In any case, we need to do something. I mean, we've got all these gadgets - the manufacturing of which cost us enormous amounts of energy and materials - and they're all powered by billions of hydrogen fuel cells - the manufacturing of which cost us enormous amounts of energy and materials. Even though the average electronic device consumes ten times its weight in fossil fuels during its manufacture, and even though the generation of hydrogen costs twice as much energy as the resulting hydrogen contains, people still bought into this sham in droves, believing that it's better for the environment.
In reality, it's made the problem more widespread because we demand more energy than ever before, and it hasn't solved anything because we haven't really found a new source of energy with which to replace fossil fuels. Made me think twice about buying that hybrid car, too.
You try telling people this was a bad idea, though. They'll look up from their plates of raw vegetables and mugs of rain water, and tell you to keep your big mouth shut.
-
Re:Tax dollars...
According to Article 19 of the UN Declaration of Human Rights http://www.un.org/Overview/rights.html the freedom of speech is a universal human right. It shouldn't matter whether the violation is committed by a private company or a government -- it's not less of a violation because of that.
-
Re:Tax dollars...
Also, freedom of speech is not a human right
The UN seems to disagree:
Article 19: Everyone has the right to freedom of opinion and expression; this right includes freedom to hold opinions without interference and to seek, receive and impart information and ideas through any media and regardless of frontiers.
The US has ratified the ICCHR though in this case that doesn't mean much. Many international lawyers argue that even though the declaration is not binding, it could constitute international common law.
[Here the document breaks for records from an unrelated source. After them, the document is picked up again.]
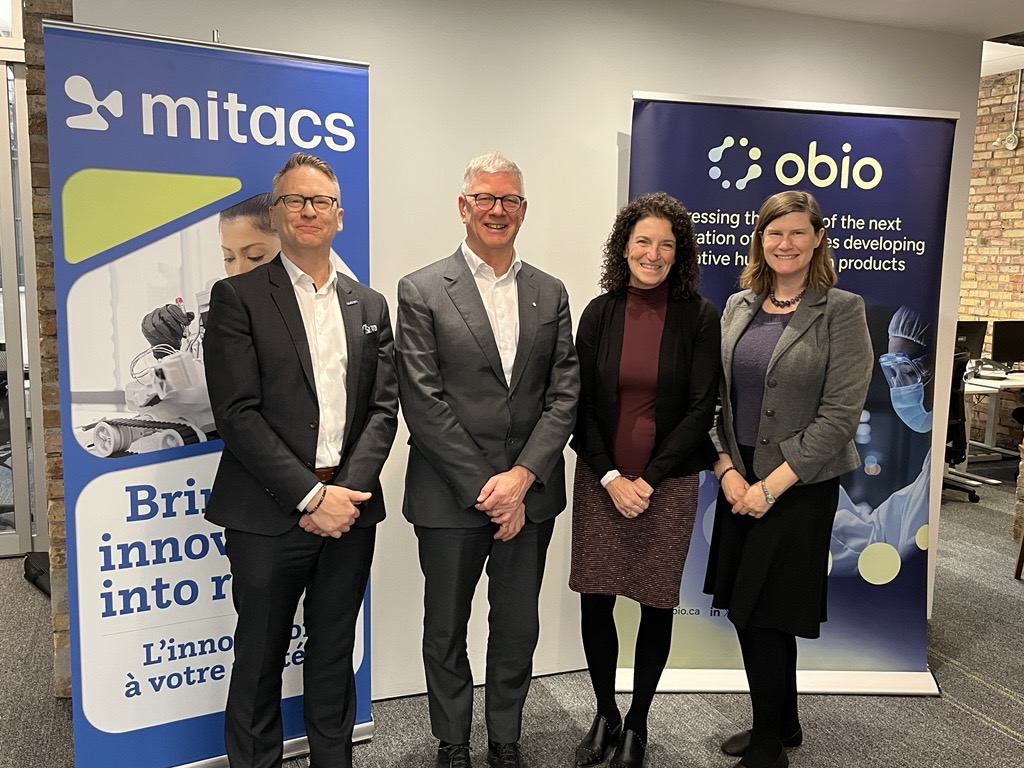 Four people in business attire stand and smile in front of banners for Mitacs and Obio, highlighting the Mitacs Southeast College partner for research collaboration, in a modern office with a brick wall and computer in the background.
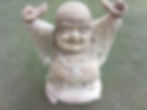 Hand-carved Buddha statue, arms raised, 40cm tall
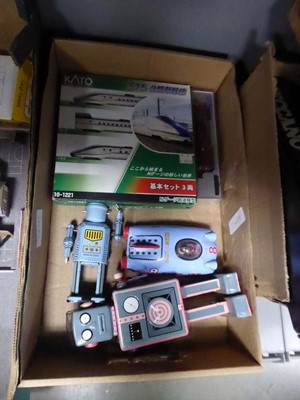 Lot 2505 - Box containing tin robots and vehicles, plus...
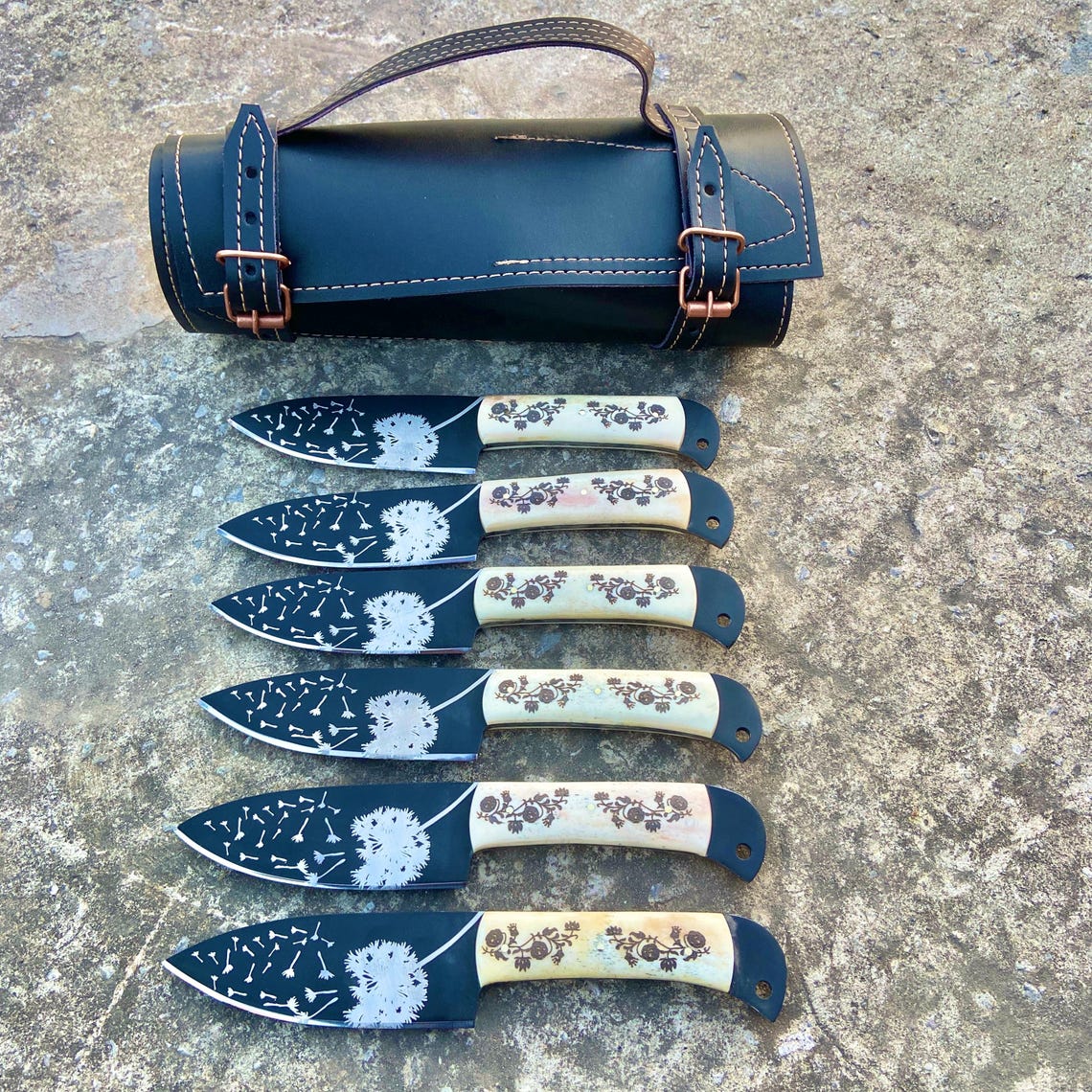 Set of six handmade carbon steel steak knives with dandelion blade engraving and floral handle design.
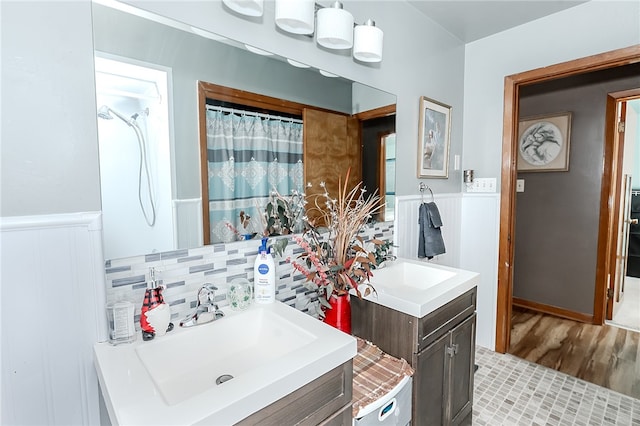 bathroom featuring vanity, decorative backsplash, hardwood / wood-style flooring, and curtained shower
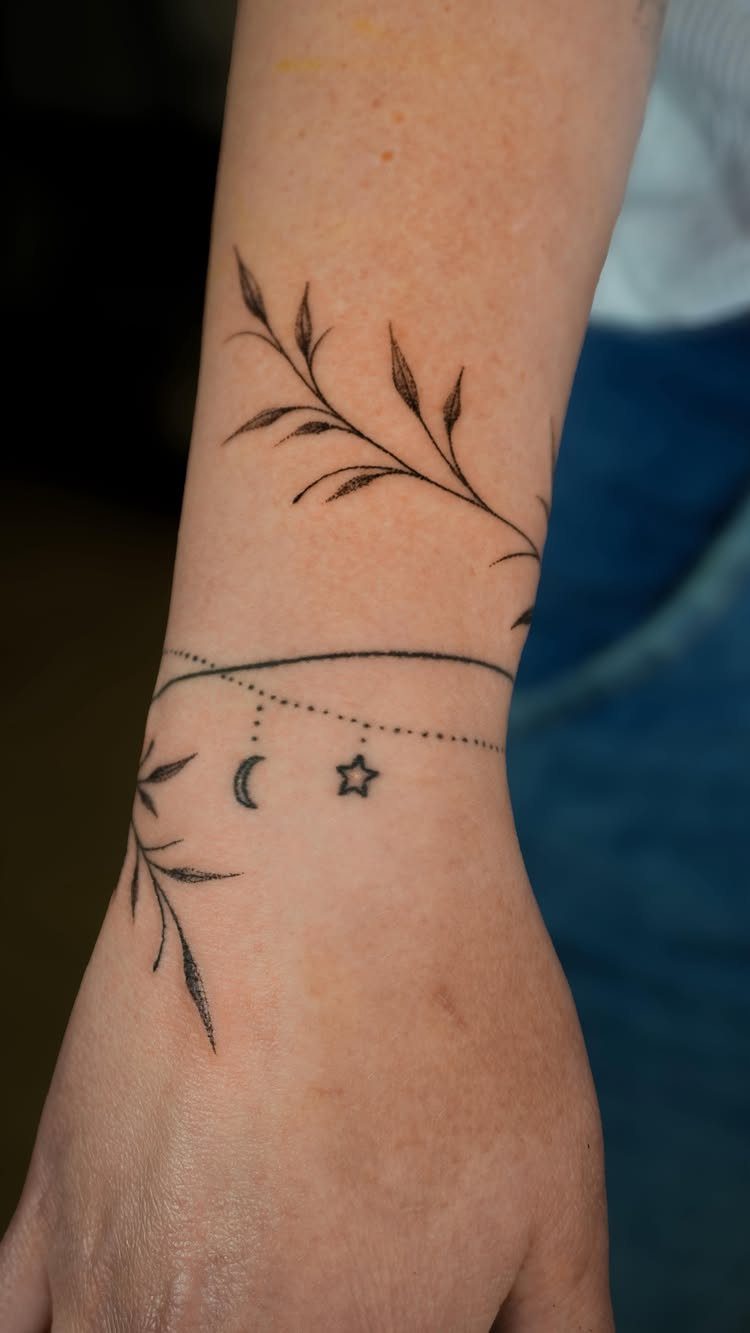 A delicate black ink tattoo of leaves and stars encircling a person's wrist.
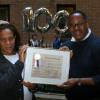 Grinnell residents Robin Johnson and Wayne Benjamin displaying the official Centennial Citation from Councilman Jackson's office.  (Photo: Lynne Van Auken)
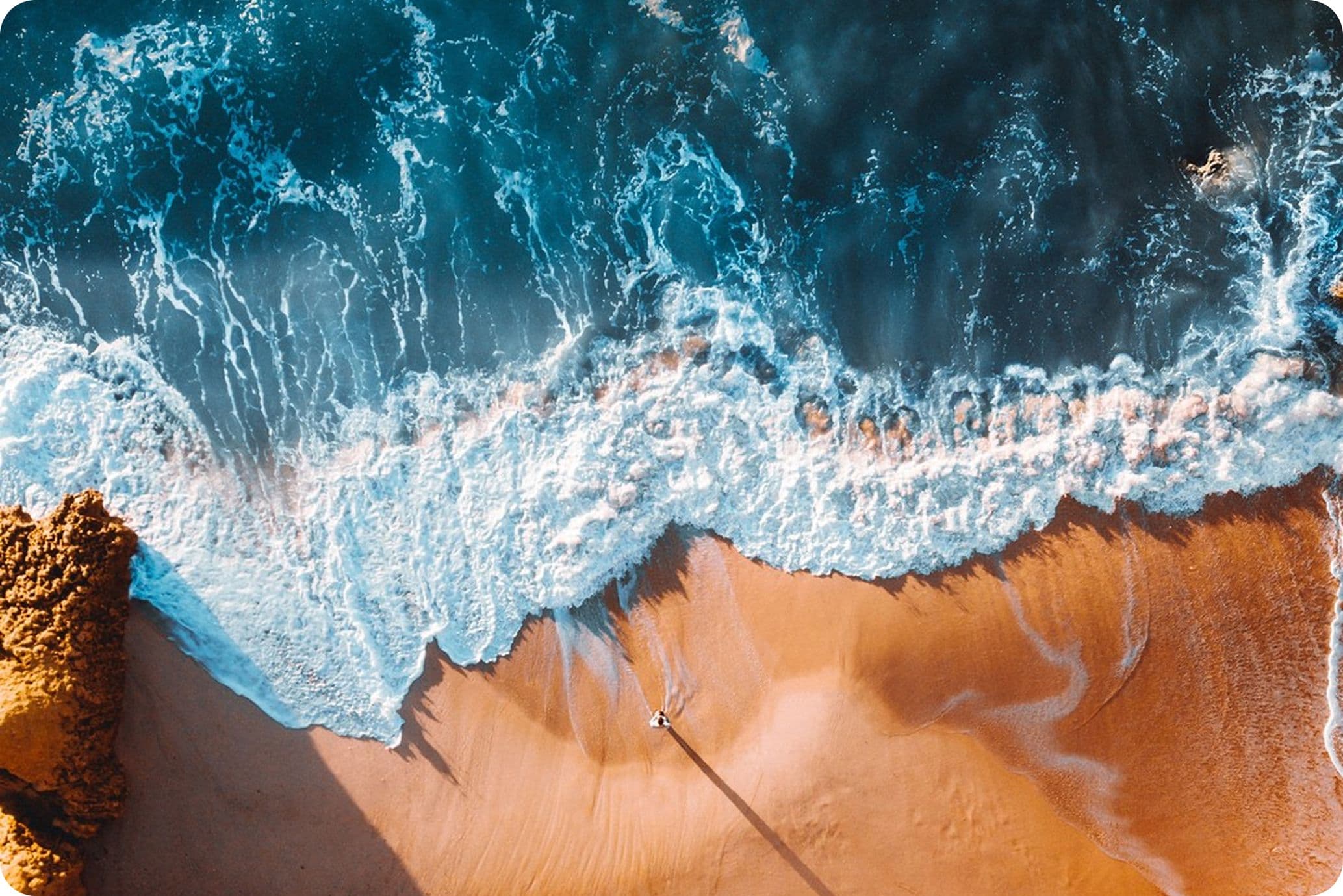 Aerial view of waves crashing onto a sandy beach, with a person casting a long shadow, and rocky formations on the left.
Personally, to think that a school could regulate after hours activities on pain of expulsion is completely alien to me. Some rights cannot be contracted away (i.e. indentured servitude is no more, no matter what any contract says) this IMNSHO is one of them.
-
Re:fair?
i think this nonprofit organization has had its eye on the TLDs for a while. would it make the internet "fair" again?
-
Re:Doing Without the UN's Vaunted Integrity
For the record, I'm from EU area and I used to work for the UN in East-Africa. I know they have made serious mistakes, but what is the alternative? http://www.un.org/aboutun/achieve.htm Read some UN history and tell me some organisation that has done better... Most of people that I have met in the UN do belive in the UN. Of course there are people that have and will use the UN for their on benefits, but...
-
Re:what drives this controversy?
would America (and by america i mean the right wing and left wing traitors to the constitution) like it if say China controlled major aspects of the internet? how about North Korea?
No, and that is kind of the point. No, the US does not want two nations famous for their censorship of the Internet to have any more control then they already do.
Oh... what is this fine gem from the UN? http://unpan1.un.org/intradoc/groups/public/docume nts/APCITY/UNPAN016881.pdf
Is this China asking for more control over the Internet?
And lookie here.
http://www.wgig.org/docs/WGIGREPORT.doc
The original report on Internet governance. Hrm, who signed this merry little report... China, Cuba, Egypt, Russia, and Saudi Arabia to name a few. Now, I now the US is the great Satan and all, but do you really want those nations to dictate internet governance? Me personally? I'll pass and take my chances with the nation that has seemed to have done a marvelous job keeping their hands completely off of ICANN.